• **TO DO**
Only the lines from the one containing "Funda Para Samsung" through the final line below belong in the output, copied exactly and without pictures.
§
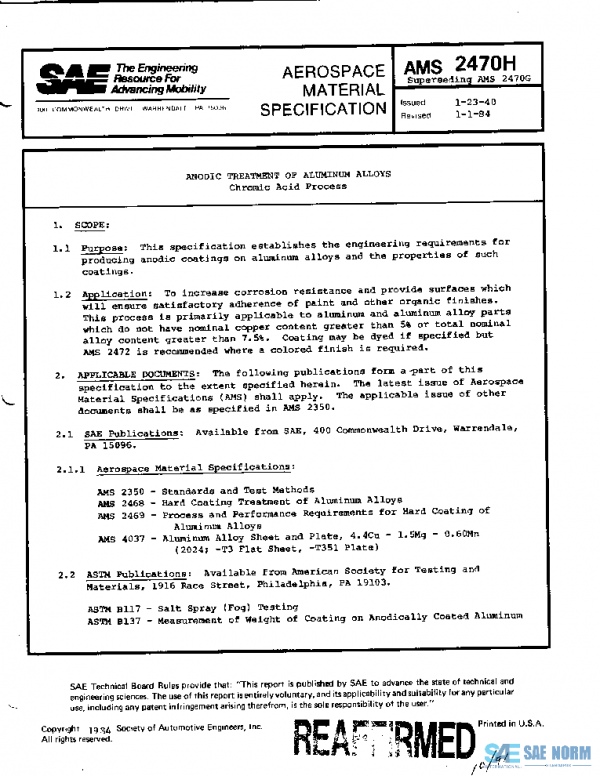 SAE AMS2470H PDF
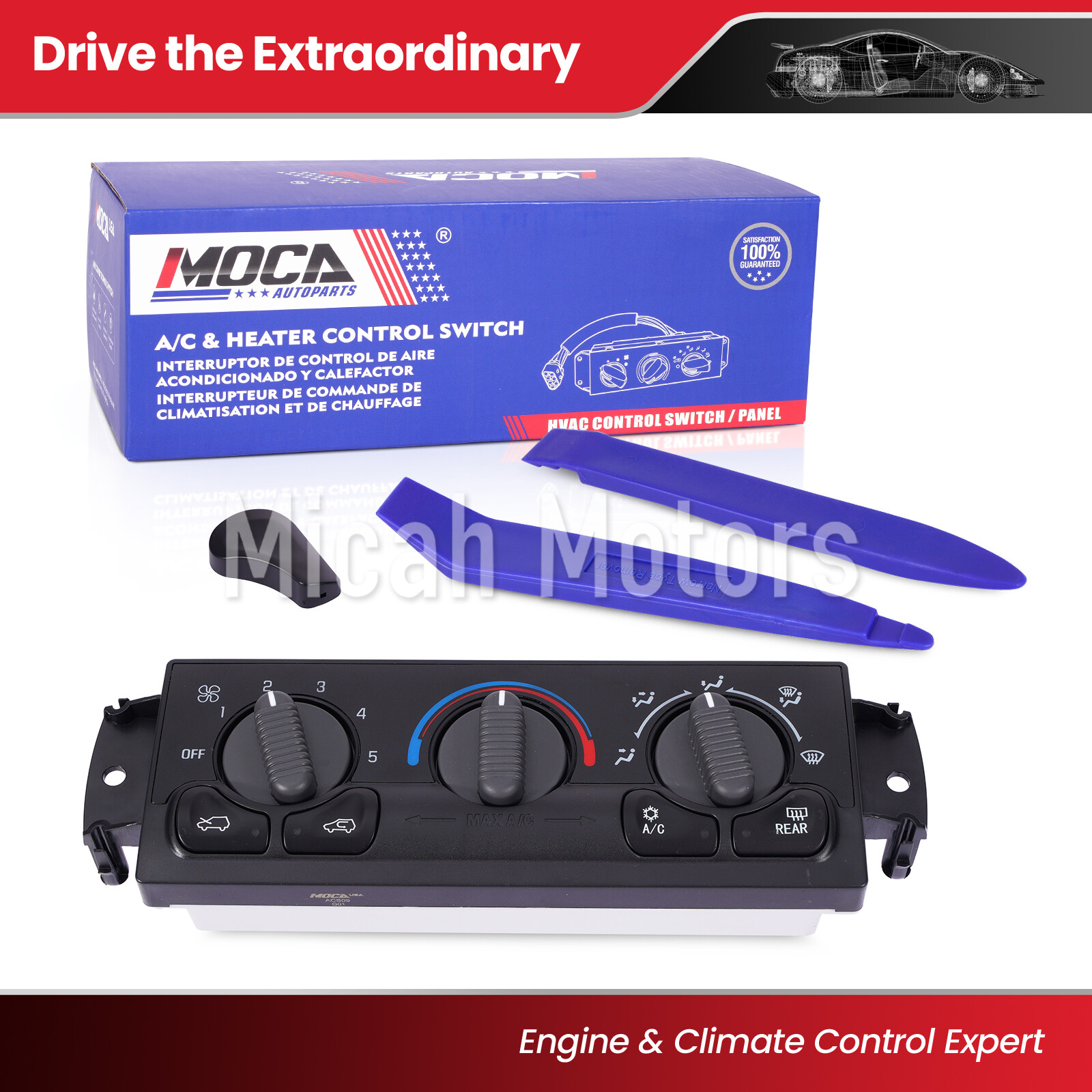 A/C Heater Climate Control Module Fit 99-02 Chevy Silverado Suburban GMC Sierra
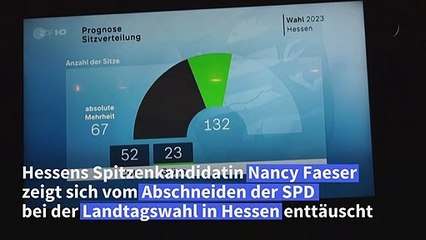 SPD-Spitzenkandidatin Faeser: Ergebnis in Hessen "enttäuschend"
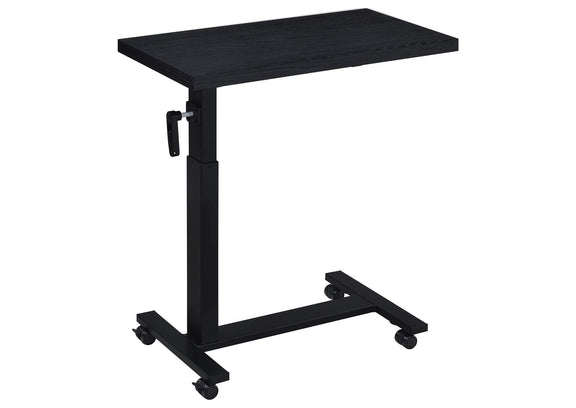 315856 Westpark Height Adjustable Mobile Bedroom C-Table Black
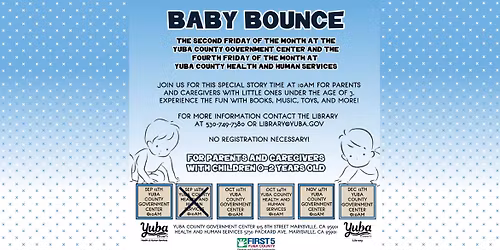 Baby Bounce at the Yuba County Government Center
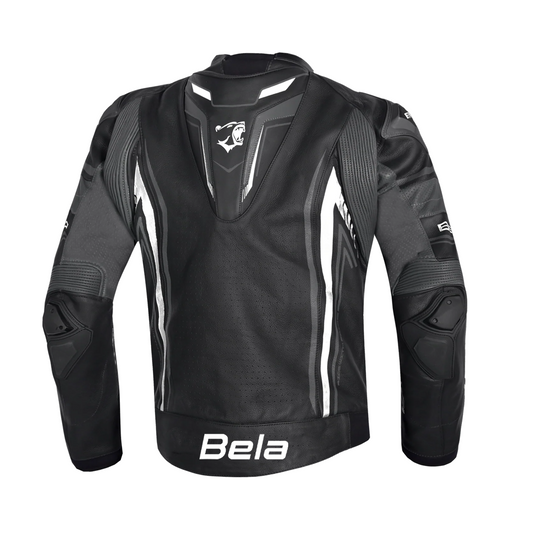 BELA BEAST GIACCA UOMO IN PELLE ANTHIRA NERO BIANCO – Yamoto.it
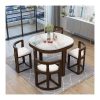Bộ Bàn Ăn Gỗ Tự Nhiên 4 Ghế Hiện Đại Bàn Đá Sintered Bộ Bàn Ăn Gỗ Tự Nhiên 4 Ghế Hiện Đại Bàn Đá Sintered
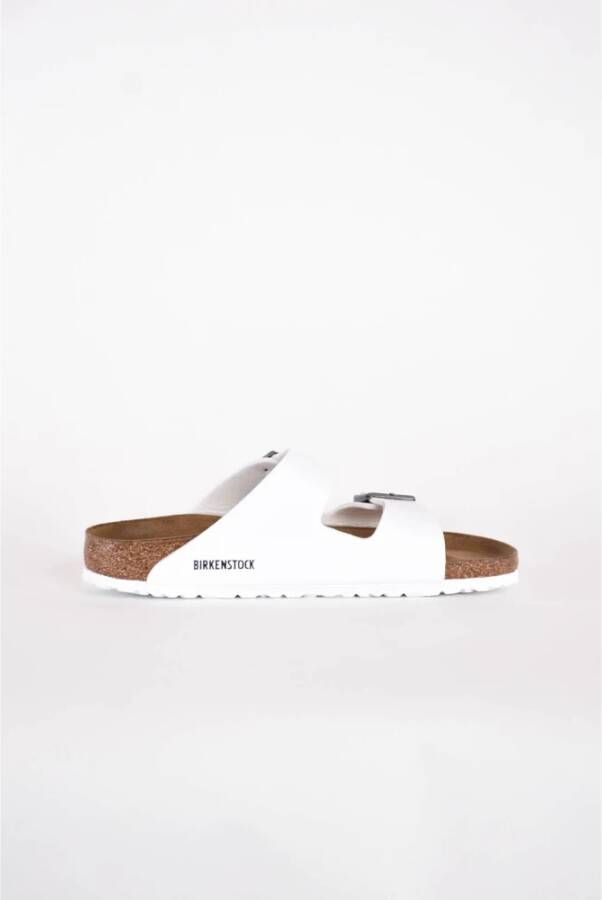 Birkenstock Sliders Wit Dames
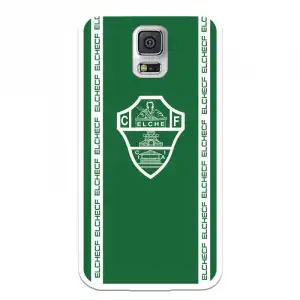 Funda Para Samsung Galaxy S5 Del Elche Cf Escudo Fondo Verde Escudo Fondo Verde - Licencia Oficial Elche Cf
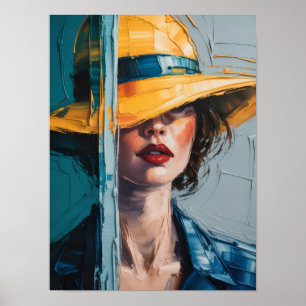 Poster La Dame dans le Casquette jaune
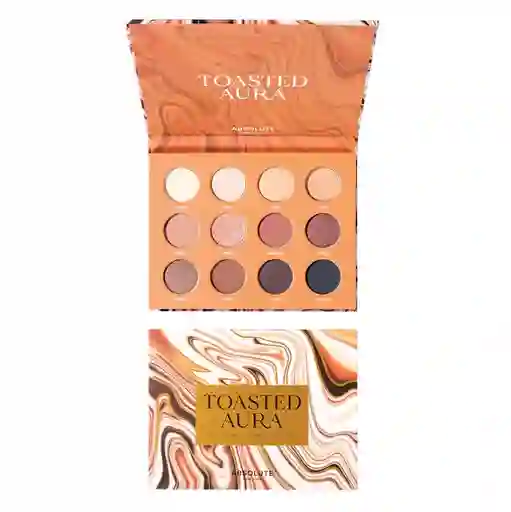 Sombras De Ojos Paleta Sombras Toasted Aura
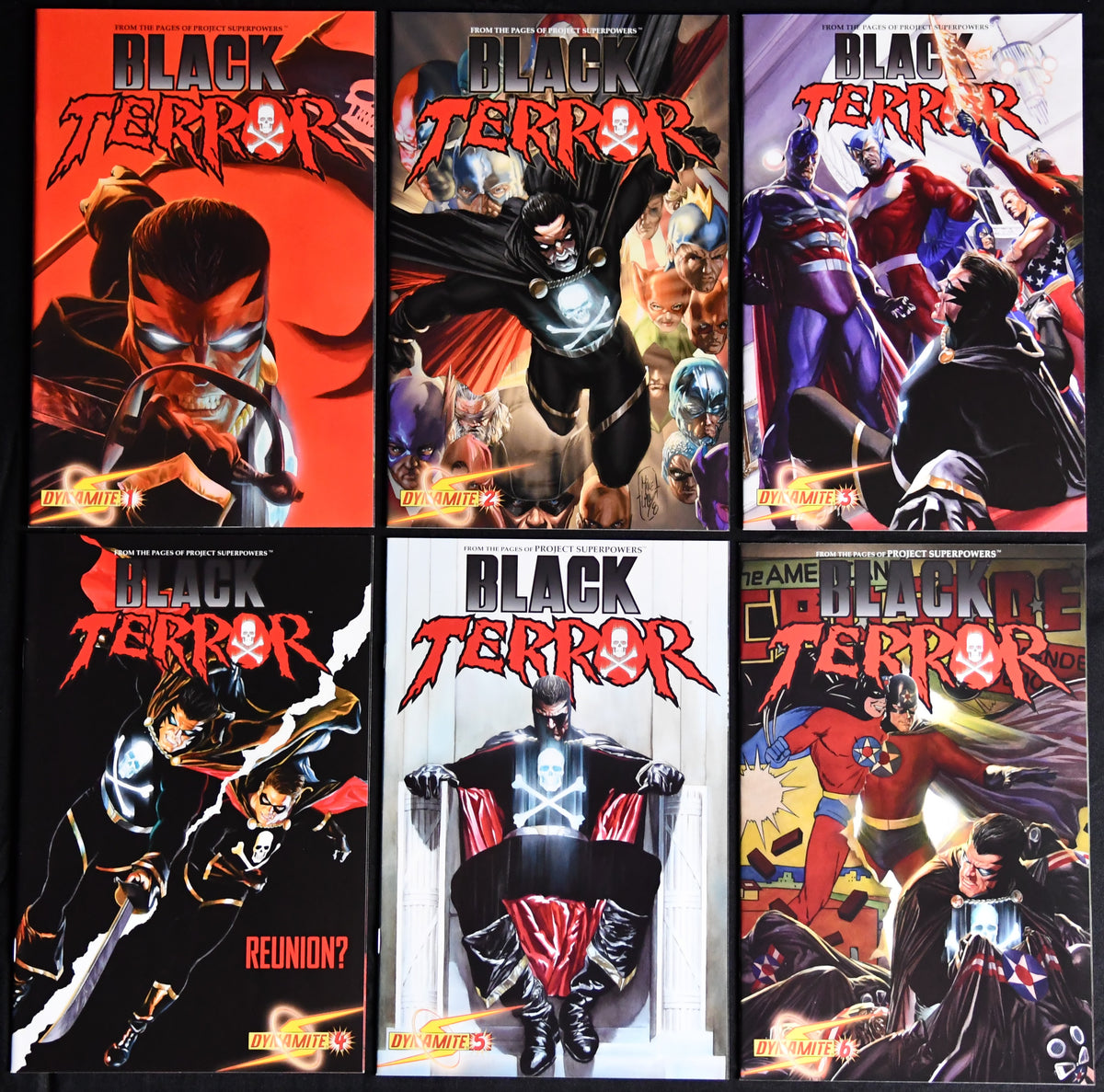Black Terror #1-9 Alex Ross Project Superpowers Dynamite 9-Book Run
§
• **FINAL ANSWER**
 Funda Para Samsung Galaxy S5 Del Elche Cf Escudo Fondo Verde Escudo Fondo Verde - Licencia Oficial Elche Cf
 Poster La Dame dans le Casquette jaune
 Sombras De Ojos Paleta Sombras Toasted Aura
Black Terror #1-9 Alex Ross Project Superpowers Dynamite 9-Book Run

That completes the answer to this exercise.